Section 6a(1) states: “If a utility implements increased rates or charges under this subjection before the commission issues a final order, that utility shall refund to customers, with interest, any portion of the total revenues collected . . . that exceed the total that would have been produced by the rates or charges subsequently ordered by the commission in its final order. The commission shall allocate any refund required by this section among primary customers based upon their pro rata share of the total revenue collected through the applicable increase, and among secondary and residential customers in a manner to be determined by the commission.” [Emphasis added.]

 

The Commission concluded that Detroit Edison’s proposed method of refunding the overpayment was consistent with the requirements of Section 6a, which did not require the refund to be “precisely tailored to each and every Detroit Edison customer who paid a self-implemented rate.” The Commission was not persuaded by ABATE’s argument that, under Detroit Edison’s plan, certain primary customers, who changed electric suppliers during the time when Detroit Edison was charging the self-implemented rate, would receive no refund because they were no longer in the class of customers eligible for a refund. Nothing was hidden from these customers, the Commission ruled, and they would have been aware of the possibility that the final rate approved by the Commission would differ from the unapproved rate self-implemented by Detroit Edison.

 

ABATE appealed to the Court of Appeals, which affirmed in a split published opinion. The majority held that Section 6a was “subject to reasonable but differing interpretations” and therefore was ambiguous. The majority concluded that nothing in Section 6a “compels the conclusion that the use of the term ‘refund’ means the monies returned to a primary customer must be based on the individual primary customer’s actual overpayment.” It noted that Section 6a’s reference to “primary customers” and “their” “pro rata” share of revenues collected could refer to individual primary customers, or to the class of primary customers, treated as a group. The majority held that there were “cogent reasons” supporting the Commission’s interpretation of the statute, including the administrative costs associated with a refund of each primary customer’s actual overpayment, and that the Commission’s ruling was both lawful and reasonable.

 

The dissenting judge concluded that Section 6a clearly set forth the primary customers’ right to a refund for their individual overpayments, and that the Commission erred in approving a contrary methodology.

 

ABATE appealed to the Supreme Court.
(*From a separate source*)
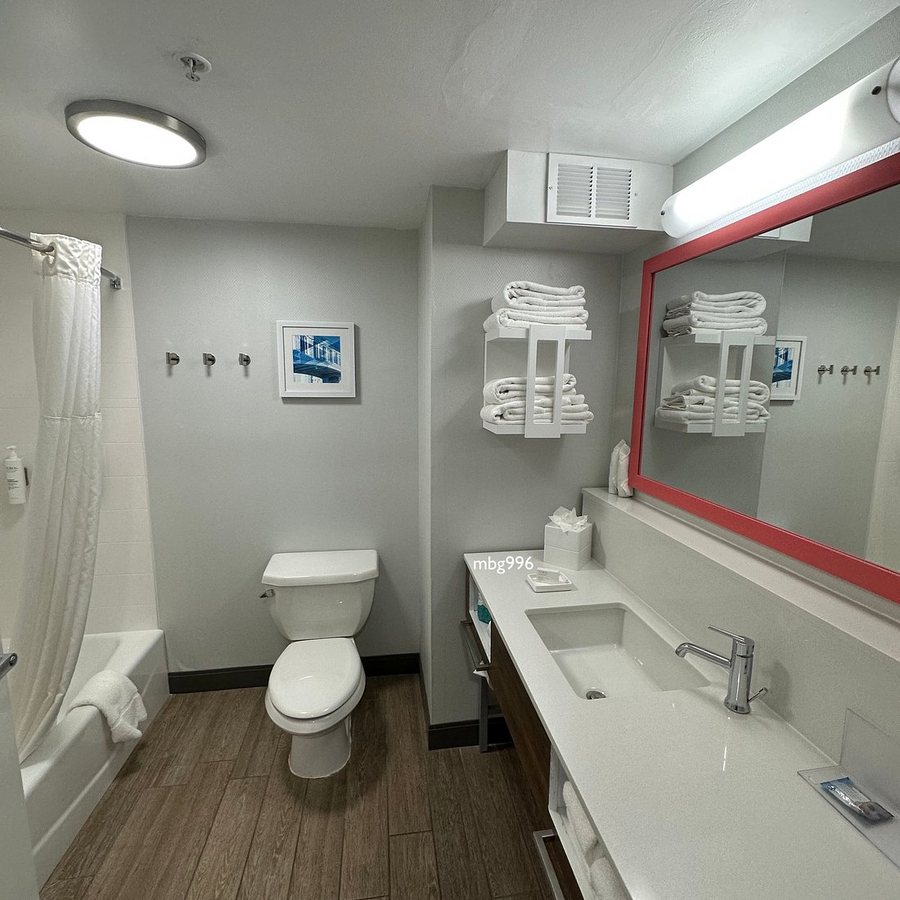 Hampton Inn Christiansburg blacksburg — Bathroom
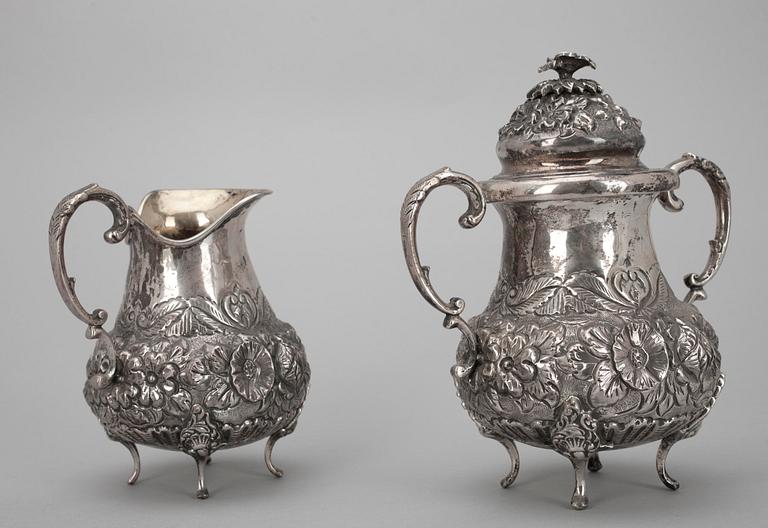 SOCKERSKÅL samt GRÄDDSNÄCKA, silver, nyrokoko, 1900-talets första hälft. Vikt 947 g.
In an order dated March 29, 2013, the Supreme Court granted leave to appeal. The order states “[t]he parties shall address: (1) whether the Court of Appeals erred in concluding that MCL 460.6a(1) is subject to “reasonable but differing interpretations” and therefore ambiguous, see Mayor of Lansing v Public Service Comm, 470 Mich 154, 166 (2004) . . . ; and (2) whether MCL 460.6a(1) requires that a refund to primary customers required after a utility implements increased rates or charges under that subsection be allocated to each primary customer that was over-charged on the basis of the amount paid by each primary customer.”